MR. LOGSDON: There are a lot of very high-quality robotic missions on the drawing boards anyway. I don't think that the balance will shift towards them. What will happen, I think, in the weeks to come is some form of national debate -- it may not be very coherent -- about the benefits of human space flight compared to the cost and the risk and, in my view, a revalidation that this is worth doing and we've got to fix the shuttle, move forward with the program, invest in future technologies, and take a long-term, take a 20 or 25-year view of what we're up to.
MR. OBERG: The unmanned systems can't always replace the services. Although new unmanned systems are being built to supply the space station, to add more rooms to it, there will still be a mix of human and automated probes. This shock is going to make people rethink their ideas, rethink their strategies.

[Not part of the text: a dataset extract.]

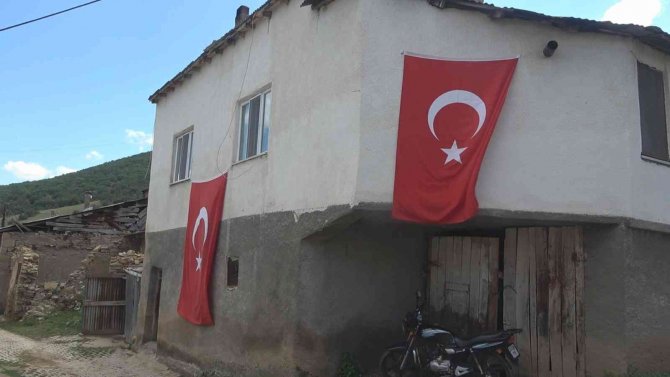 Şehit Annesi İstedi Köyüne Baz İstasyonu Kuruldu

Perhaps they will just return to their previous ideas out of habit. Perhaps it will change some minds. I just hope that John and I and forums like this can help contribute to people getting smarter about this very controversial and very dangerous field of human endeavor.

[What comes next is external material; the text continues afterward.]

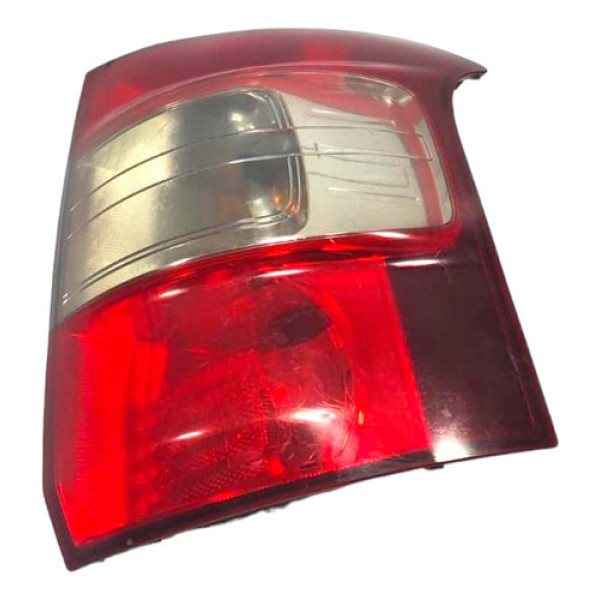 Lanterna Direita Chevrolet Montana 2010 A 2014 Detalhe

MR. MORALES: That brings me to my final question. I would like to ask each of you, beginning with James Oberg -- most of our listeners here on the Voice of America live in countries where there are no space programs. Can we explain to them why the United States and countries like the U.S. should send men and women into space?
MR. OBERG: Bluntly, in some cases, it's a matter of demonstrating one's own technical capabilities, either for commercial/trade reasons, or sometimes diplomatic pressure or otherwise. It's for inspiring its own people and the world with the possibilities of exploration. Because that sort of inspiration is what we call a non-zero-sum game. That means that everyone can gain from exploration and new technologies. It also has been changing our entire world culture view of our planet and humanity's role in that planet. And that is an issue that affects everybody who breaths this air and walks on the planet.
MR. MORALES: And the last word to you, John Logsdon.
MR. LOGSDON: First of all, for the poorer countries of the world, there are lots of benefits achieved out of space programs -- communications, tele-education, telemedicine, earth observation to manage their territory's scarce resources and help identify the foundations for their development. Humans are a bit of a discretionary expenditure that the richer and the leading societies can afford at this point in their development. I think it is something that has become part of what a leading nation in the 21st century does, particularly the United States with its spirit of exploration, a spirit of pushing frontiers. I think it is committed to having humans in space and that this accident is not going to end that commitment.
MR MORALES: We'll have to leave it there. I would like to thank my guests: space engineer James Oberg and John Logsdon, Director of the Space Policy Institute at The George Washington University.